それからいまと違う点として、江戸時代は、胸に需要がない。あの子は胸が大きいからいい、というようなことがないんです。それよりも「うなじが綺麗」とか「腰つきがいい」みたいなところに重きが置かれたようですね。
まとめ:春画にエロスの真髄を学ぶ。○○のないところにエロスはない!
――春画について、正直、誤解していることばかりでした。“江戸時代のエロ本”が、まさかこんなに奥深いものだとは……。
浮代さん:2015年、日本で初めて「春画展」が開かれたときに、女性のお客さまの多さが話題になりました。どうしてあんなに女性が来たのかとよく聞かれるんですが、それって男性脳と女性脳の違いなんです。

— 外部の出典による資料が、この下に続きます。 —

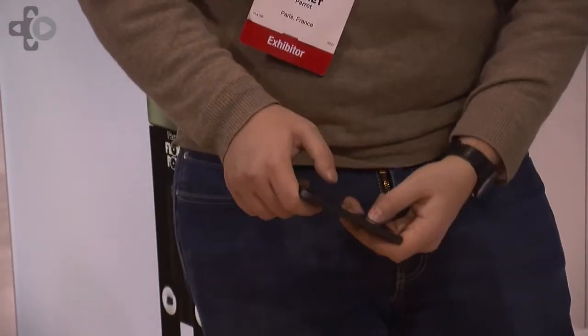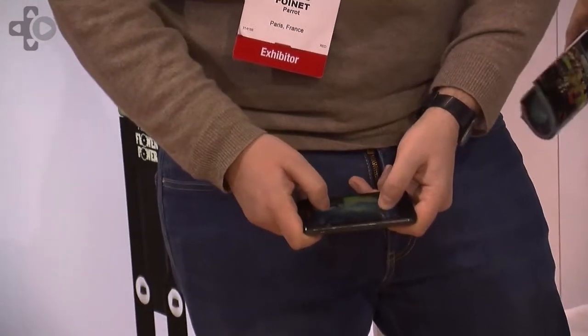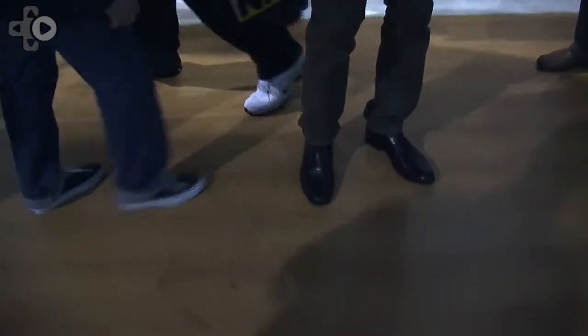My name is Thomas Boros and I'm Lead Designer for the Parrot Jumping Sumo project. Basically it's a rolling toy which has some special features including a camera embedded in it, so you can have live streaming of the video you are seeing from the robot directly, so you can control it and avoid obstacles, go quite far away in many places.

男性は視覚の情報によって欲情するので、春画を見ていると多少なりともドキドキする。そう思い、そう見られるだろう自分が恥ずかしい、と感じるんです。でも、女性はシチュエーションから導かれるストーリーに興奮するので、単に絵を見ただけでは「綺麗」だとか「面白い」としか思わないわけです。
春画展に行った女性が「すごーい、モロじゃん」なんて言って楽しめるのは、そういう理由。男性は恥ずかしがって凝視できないんですよね。
――さっき、江戸の男性はヌードにはムラムラしない、という話がありましたが。
浮代さん:そう、だから江戸の男性は、そういう意味で女性脳に近いんですね。シチュエーションがないとグッとこないから、春画にはさまざまなバリエーションのエロスが描かれたわけです。むやみやたらに露出させるのではなく、隠すことによって想像させる。結局、恥じらいがないところにエロスはないんですよね。
――なるほど……。200年前の文化に、エロスの真髄を教えてもらった気がします。浮代先生、今日はありがとうございました!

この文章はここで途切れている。